このように、どんなに有用な薬であっても、使い方次第では害にも迷惑にもなるということが、本作の一つのテーマであるようだ。


この後も「なんでもくっつく強いのり」を使って割れた皿を直すのだが、間違えて廊下と足をくっつけてしまって動けなくさせてしまう。

「力の強くなるクスリ」では、どぶに片輪を落とした車を掬い上げるも、誤って電柱に寄りかかって倒してしまい、その自動車をぺしゃんこに下敷きにする。(ふくらしグスリで復活させるが)

なお、薬が効いているのにようこちゃんの服についてホコリを払おうとして、数十メートル先まで吹っ飛ばしてしまう。容赦ない飛ばし方が、女の子だろうが酷い目に遭わせる藤子作品の特色が出ているように思う。


さらには、のび太のように凧を上げられず転がしてしまうばかりの少年に対して、「空にうくクスリ」を使って凧を上げてあげる。

しかし浮力が強力だったらしく、凧糸を引く少年までも空中に浮かび上がってしまう。慌てて自分たちにクスリを使って浮かび上がり、少年の救出に向かう。

「重くなるクスリ」を使って地上に戻ってくるが、勢いよく落ちてしまい凧は滅茶苦茶に。どうにもてっちゃんが作る薬は、効き目の加減が極端なようである。


さて、ここで事件が発生。先ほど空を飛んだ時に、肩から掛けていたカバンから薬が全て落ちてしまったことが発覚する。

薬を回収しに走っていくと、「ふくらしグスリ」によって帽子やゲタや赤ちゃんが巨大化している。

他にも、「くっつきグスリ」によって一人の男性が地面から動けなくなっている。「力の強くなるクスリ」で強くなった飼い犬に引っ張られる飼い主がいる。「空にうくクスリ」で警察官を含めた人々が空中浮遊している。「デブニナール」で家が巨大なビルと化している。

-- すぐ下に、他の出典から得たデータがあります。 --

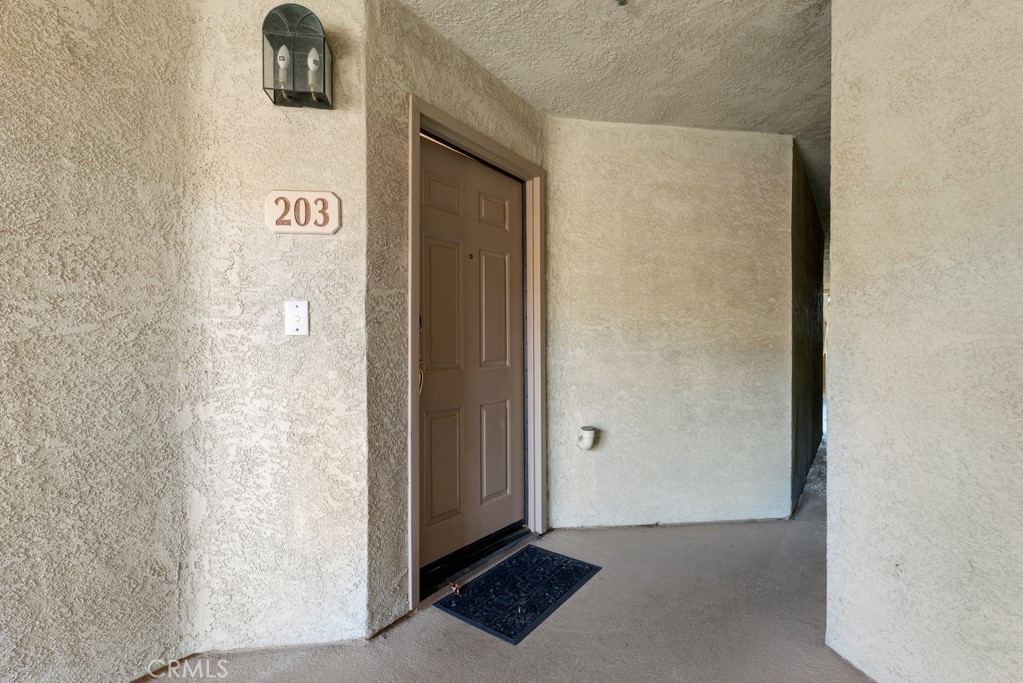 5744 Oak Bend Lane, Unit 203 Oak Park, CA 91377 - Photo 26 of 45 a view of an front door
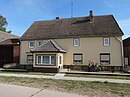 Wüstenhagen farmstead, consisting of a residential house, gatehouse, left and right stable building and barn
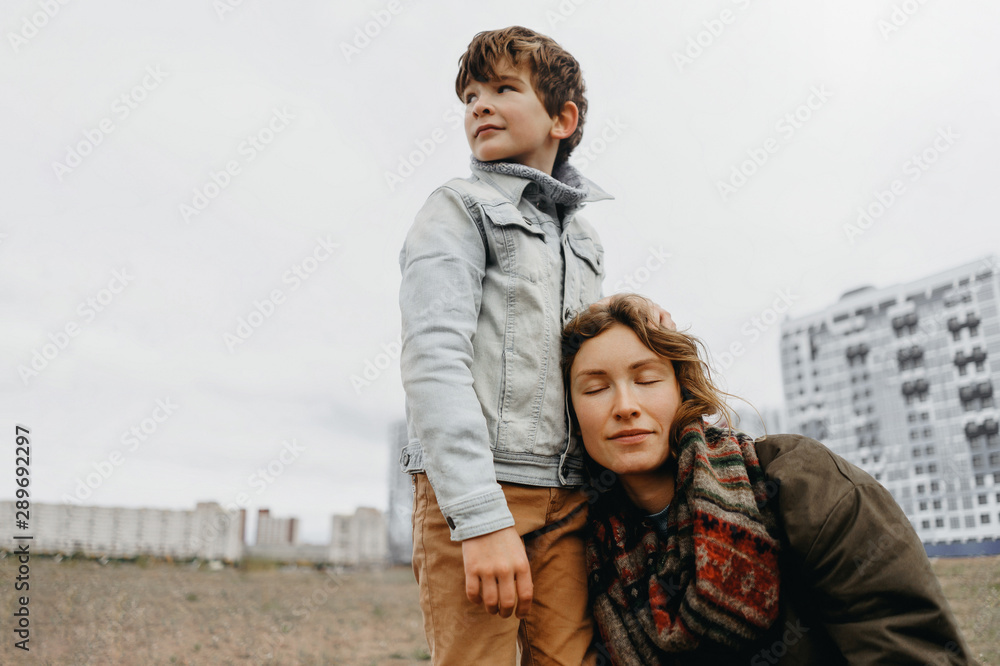 Son hugs his mother. Satisfied mother smiles in the arms of her son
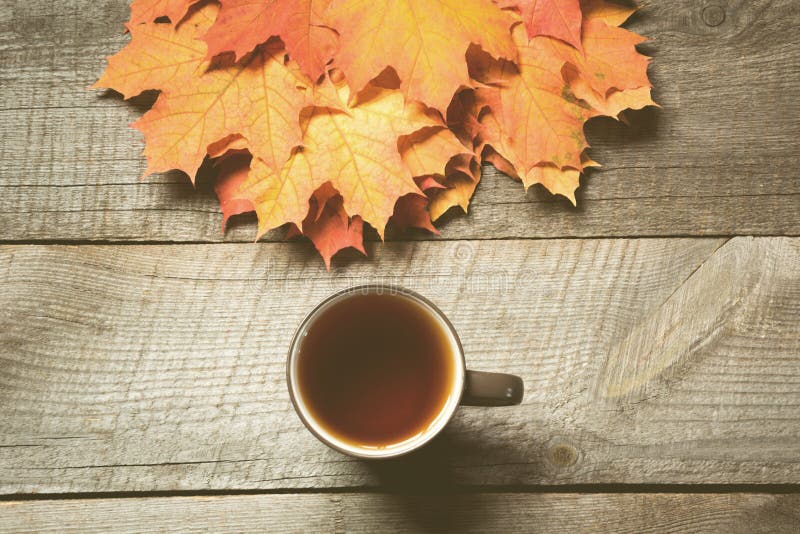 Foglie di autunno variopinte e tazza di caffè nero sul bordo di legno Natura morta di caduta, spazio della copia immagini stock libere da diritti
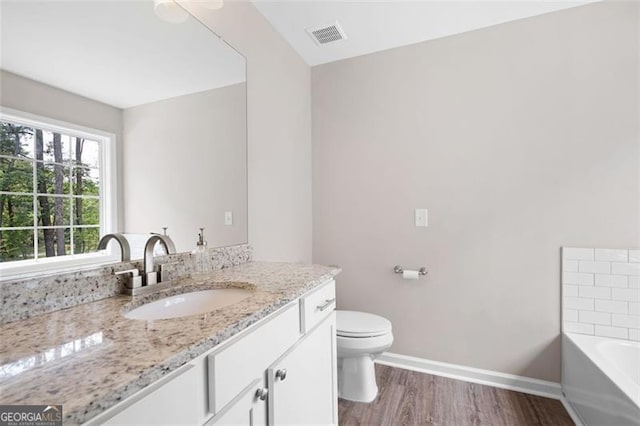 76 Vaughn NE, Cartersville, GA 30121 - full bath with vanity, a tub to relax in, toilet, wood finished floors, and baseboards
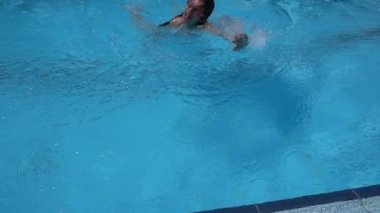 Ağır çekim: Güzel küçük bir kız ile temiz su havuzunda yüzüyor.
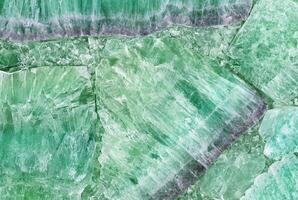 Close-up of green crystal stone texture, ideal for natural patterns, backgrounds, or decorative elements. photo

町中の至る所にパニックを引き起こし、「クスリで大失敗」の度を越えた大迷惑なのである。


ようこちゃんが「クスリを効かなくなるクスリ」を作ればいいとアドバイス。急いで家に戻ると「小さくなるクスリ」を飲んだパパが赤ちゃんになってしまっている。

さらには木の上の引っ掛かっている薬を取ってみると、それは「としをとるクスリ」であったらしく、誤っててっちゃんが体にかけてしまい、老人の体になってしまう。

腰が痛くて目がかすんで手がふるえる状態ながら、何とかリカバリーの薬を完成させる。実験がてら自分にかけて元通りになったので、「空にうくクスリ」を使って、空から町中に薬をバラまいて事態の鎮静化を図る。


これで一件落着。しかし、「これでよし」と「クスリを効かなくなるクスリ」の入った瓶を地上に投げ捨ててしまい、自分の空飛ぶ効果は消えずに、地上に降りれなくなってしまうてっちゃん。

というか、役割が終えたからと言って、薬の入った瓶を安易に捨ててしまうのはいかがなものだろうか。

「ドラえもん」などでも、平気で使わなくなったひみつ道具を庭に捨てたりしているが、こうした道具を大切に扱わない姿勢も、本作が原点であったようだ。